Hel_Books said:
This doesn't pass the laugh test! If a Christian does a bad thing, you won't say it reflects badly on Christian teaching, but then if a Christian does a good thing, you'll say it's because they're Christian!
Anyway, the "creationist" nonsense is a perfect example of how religion is bad for science. I mean, ask yourself this, if we have fossils of changing forms over billions of years, wouldn't it be saner to see that living things reproduce and change generation after generation, rather than being somehow magically "created" year after year, by a deity tinkering like a child with modeling clay? But (some) people use their Bible to say no, this science bad, ugh.
When SgtSpiderMan wrote, "They suppress science," you replied, "People who are Christians do that. Christians don't do that." How could that be anything other than a declaration that if a Christian does a bad thing it shouldn't reflect badly on Christianity?What?
I didn't say that nor do I do that.
You're saying religion ruins the world. I'm saying the human societies that have existed over history refute your argument.
People who do things in the name of their religion isn't what I'm defending.
Christopher Hitchens wrote a whole book about how religion is a detriment to society. Here are some quotes from him from that book (and other sources):
Religion is poison because it asks us to give up our most precious faculty, which is that of reason, and to believe things without evidence. It then asks us to respect this, which it calls faith.
We keep on being told that religion, whatever its imperfections, at least instills morality. On every side, there is conclusive evidence that the contrary is the case and that faith causes people to be more mean, more selfish, and perhaps above all, more stupid.

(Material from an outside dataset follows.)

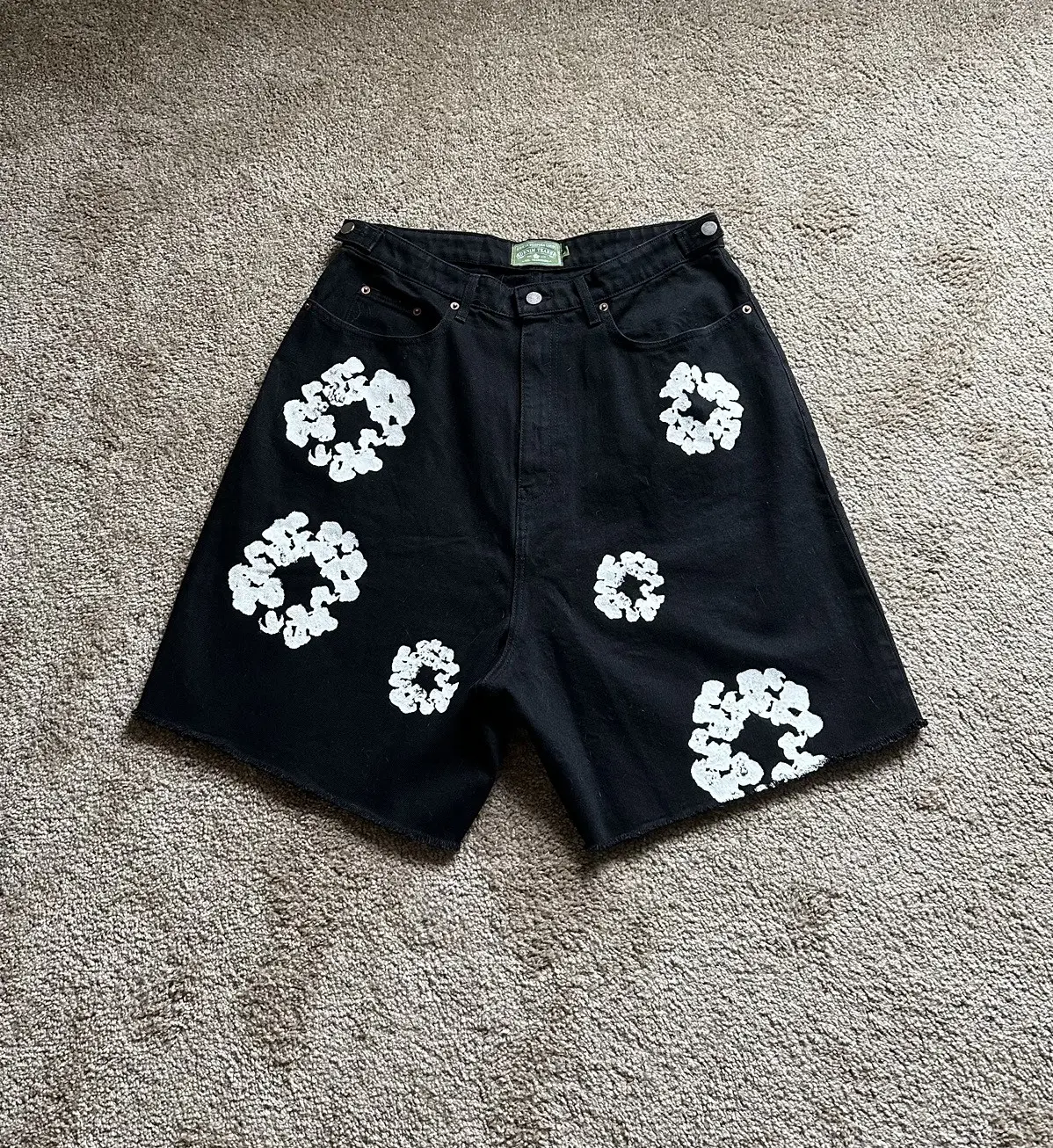 Denim Tears Cotton Wreath Jean Short - Black review fgfbv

Here is my challenge. Name one ethical statement made, or one ethical action performed, by a believer that could not have been uttered or done by a nonbeliever. And here is my second challenge. Can any reader think of a wicked statement made, or an evil action performed, precisely because of religious faith? The second question is easy to answer, is it not? The first - I have been asking it for some time - awaits a convincing reply. By what right, then, do the faithful assume this irritating mantle of righteousness? They have as much to apologize for as to explain.
If religious instruction were not allowed until the child had attained the age of reason, we would be living in a quite different world.
Violent, irrational, intolerant, allied to racism and tribalism and bigotry, invested in ignorance and hostile to free inquiry, contemptuous of women and coercive toward children: organized religion ought to have a great deal on its conscience.
In the ordinary moral universe, the good will do the best they can, the worst will do the worst they can, but if you want to make good people do wicked things, you’ll need religion.